Offroading and DD will never go hand in hand. I say build it up, regear, and enjoy the hell out of it. The 3FE is bullet proof, and knowing your HG wont blow is worth it than the extra cost of the 1FZ-FE, and even then, it will still be slow with all the extra weight. I live on sea level and my 91 serves me well even with 35s. I wasnt actively searching for a 3FE power plant, but now i am glad i did.
 
Thank you, Marco Lau- There is definitely a plus for ease of working and long lasting motors. May just end up holding on to it & having fun!
Cheers!
 
Ok, ordered from toyotapartsdeal, a bit pricey, and their site says it does not fit my 91, but I think it's worth a shot to get a toyota part, even if I need to figure out how to make it work.
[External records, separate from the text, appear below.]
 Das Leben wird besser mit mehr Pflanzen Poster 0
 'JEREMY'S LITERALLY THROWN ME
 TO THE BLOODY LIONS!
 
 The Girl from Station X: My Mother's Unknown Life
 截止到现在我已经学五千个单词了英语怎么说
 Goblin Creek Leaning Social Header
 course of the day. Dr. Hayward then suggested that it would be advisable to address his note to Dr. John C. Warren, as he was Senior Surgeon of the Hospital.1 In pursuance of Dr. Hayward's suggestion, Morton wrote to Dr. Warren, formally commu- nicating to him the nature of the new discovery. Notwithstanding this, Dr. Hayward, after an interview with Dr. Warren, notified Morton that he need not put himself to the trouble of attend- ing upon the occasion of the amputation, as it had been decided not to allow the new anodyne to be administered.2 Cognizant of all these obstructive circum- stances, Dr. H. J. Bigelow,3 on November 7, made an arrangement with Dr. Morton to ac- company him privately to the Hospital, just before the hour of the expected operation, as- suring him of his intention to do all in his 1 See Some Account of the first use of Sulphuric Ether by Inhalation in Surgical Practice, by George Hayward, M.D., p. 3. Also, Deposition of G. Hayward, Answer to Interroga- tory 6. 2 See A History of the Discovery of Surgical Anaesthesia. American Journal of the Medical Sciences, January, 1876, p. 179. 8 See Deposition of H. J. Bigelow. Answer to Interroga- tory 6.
I believe it is just a manual ball valve, how vastly different can it be? If it proves impossible I can always sell it to someone here with a 92-95, or return it. In the interim, I'll keep some extra hose and couple clamps in the rig. Will follow up.
OK, this is how vastly they are different. Apologies for the night shots-
1. parts are certainly not the same- The new part (87240-60140) is for 1992, guess parts changed in between, the one on the rig (91) I think is original or proper denso replacement back in the day they were around.
2. harder to tell from photos alone, but they look almost like mirror images of each other, original flow left to right, new part right to left. mounting bracket appears a little different, but not opposite from what I can tell.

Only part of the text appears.